The magnifying power of a telescope of length $76$ cm in the normal adjustment is $75$. Then the focal lengths of the objective and eyepiece lenses are, respectively,

• A. $50$ cm, $25$ cm
• B. $70$ cm, $5$ cm
• C. $75$ cm, $1$ cm
• D. $73$ cm, $2$ cm
• E. $60$ cm, $15$ cm

Hint:

For telescopes: - $M = \frac{f_o}{f_e}$ - Length = sum of focal lengths

Answer 1

The Correct Option is C

Concept: For telescope in normal adjustment: \[ M = \frac{f_o}{f_e}, \quad L = f_o + f_e \]

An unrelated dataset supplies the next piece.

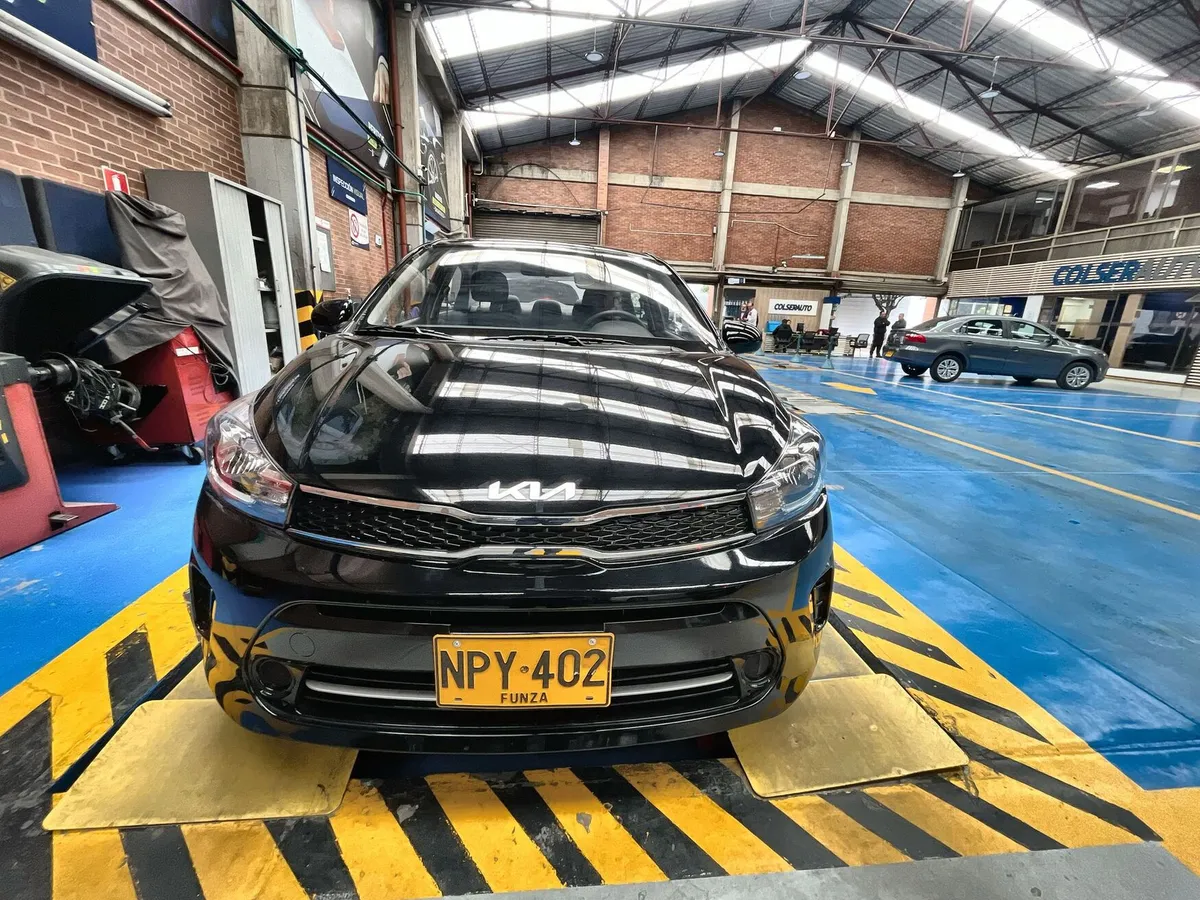 Kia Soluto 2025 Negro Bogotá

Step 1: Write given equations.
\[ \frac{f_o}{f_e} = 75 \quad \cdots (1) \] \[ f_o + f_e = 76 \quad \cdots (2) \]

Step 2: Substitute from (1).
\[ f_o = 75 f_e \]

Step 3: Use in (2).
\[ 75 f_e + f_e = 76 \Rightarrow 76 f_e = 76 \Rightarrow f_e = 1\ \text{cm} \]

Step 4: Find $f_o$.
\[ f_o = 75 \times 1 = 75\ \text{cm} \]